High seas, high times

Margaret (84) and Bill McIndoe (86) at their boat shed, Careys Bay, Dunedin, after a sometimes...
Margaret (84) and Bill McIndoe (86) at their boat shed, Careys Bay, Dunedin, after a sometimes hair-raising return journey from Picton aboard their yacht Avanti, pictured moored in the bay (behind Bill's left shoulder). Photos by Linda Robertson.
The McIndoes have sailed 57,000 nautical miles together during the past 39 years, all but six of...
The McIndoes have sailed 57,000 nautical miles together during the past 39 years, all but six of them aboard the 39-foot (11.9m) Cavalier keeler Avanti.

Bill and Margaret McIndoe think more people should ''get off their butt and go adventuring''. The octogenarian Dunedin yachties talk to Bruce Munro about almost four decades of wild seas, beautiful islands and living life ''first-hand''.

The doorbell is not answered quickly.

It raises the possibility that this is in fact not the main front door; that somewhere inside the sprawling four-storey house which was once a Shacklock-owned crib re-envisioned by architect Ted McCoy, a couple in their ninth decade are being forced to slowly, painfully descend stairs to a little-used door.

The firm handshake and bright eyes of the man who opens the door belies all concocted assumptions.

Yes, he is 86 years old.

But the enthusiastic greeting, tanned skin and sprightly step as Bill McIndoe leads the way upstairs to the main living area shout of an active man in full command of physical and mental faculties.

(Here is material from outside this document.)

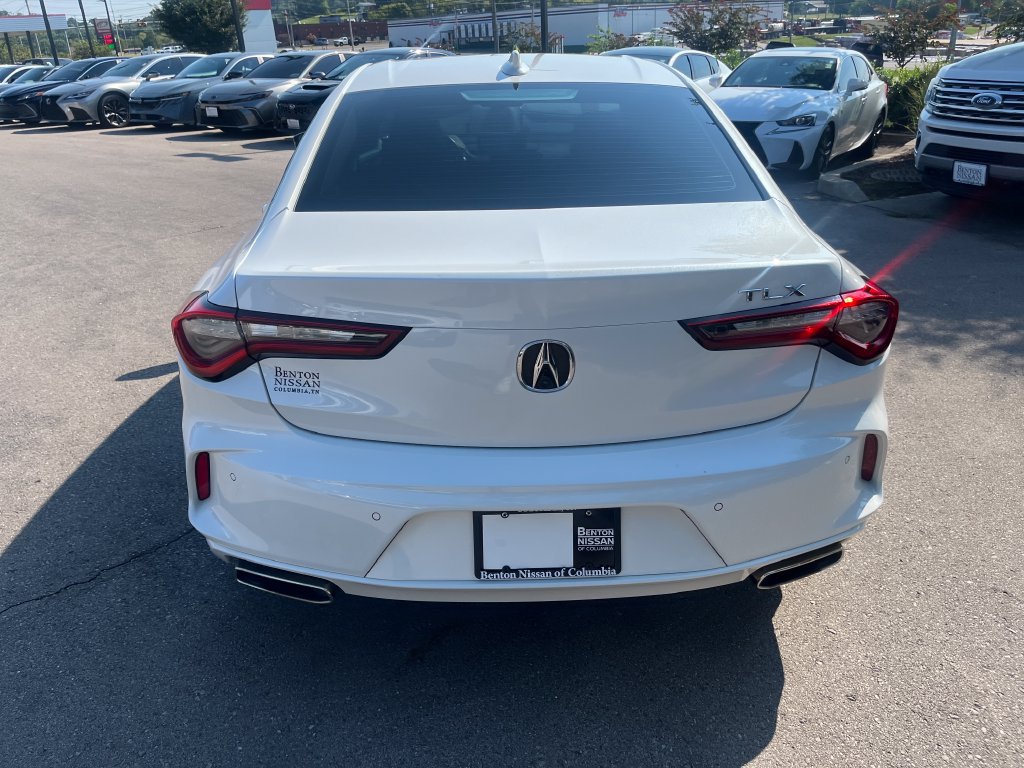 Used 2021 Acura TLX w/ Technology Package FWD image 6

He introduces his wife, Margaret. She is quieter, but no less welcoming, and wears an air of thoughtfulness and equanimity.

They sit at the far end of the room, beyond the kitchen table, one on each side of the expansive window that looks out across painterly Careys Bay, Port Chalmers.

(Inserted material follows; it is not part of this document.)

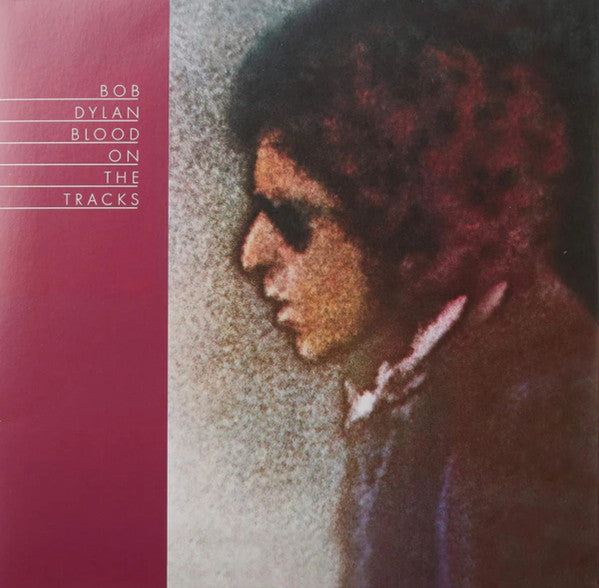 Bob Dylan : Blood On The Tracks (LP, Album, Mur)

The waters of Otago Harbour appear a broad, shimmering, liquid road leading directly from this second-storey window to an oceanic highway of limitless possibilities a mere nine nautical miles away.

No wonder it draws them.

Towards the lower left corner of this living artwork, a sea-going yacht christened Avanti is moored at a jetty.

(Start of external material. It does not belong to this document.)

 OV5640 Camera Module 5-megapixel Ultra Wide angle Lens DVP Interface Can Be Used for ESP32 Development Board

It is less than a week since the McIndoes completed an eight-week journey aboard the 39-foot (11.9m) Cavalier keeler, a trip that could have ended in disaster.

They had departed Otago Harbour on January 2, as they try to every year, bound for the top of the South Island.

The next several weeks were spent cruising the Marlborough Sounds and Tasman Bay.

One morning they would be greeted by a glorious dawn chorus ringing out from native bush on pest-free Adele Island as the yacht bobbed on crystal-clear waters.

Another day they would be enjoying a stunning sunset and a few drinks with fellow yachties on their vessel, surrounded by pine-clad hills deep inside Kenepuru Sound.

Near the end of last month, they were busy with last-minute preparations for the Picton to Dunedin homeward leg.

In the hubbub of refuelling, saying farewells and casting off the mooring ropes, it was not noticed that the fuel cap had not been replaced.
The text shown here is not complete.